Task objective: Below are entries. Reproduce exactly the lines between the line holding "Subhash Hotel" and the line holding "Гигиенический душ Hansgrohe", inclusive, and only those.

Given data:
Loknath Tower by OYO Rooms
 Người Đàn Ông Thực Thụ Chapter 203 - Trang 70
---
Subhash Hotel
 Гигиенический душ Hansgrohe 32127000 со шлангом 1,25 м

Reply:
Subhash Hotel
 Гигиенический душ Hansgrohe 32127000 со шлангом 1,25 м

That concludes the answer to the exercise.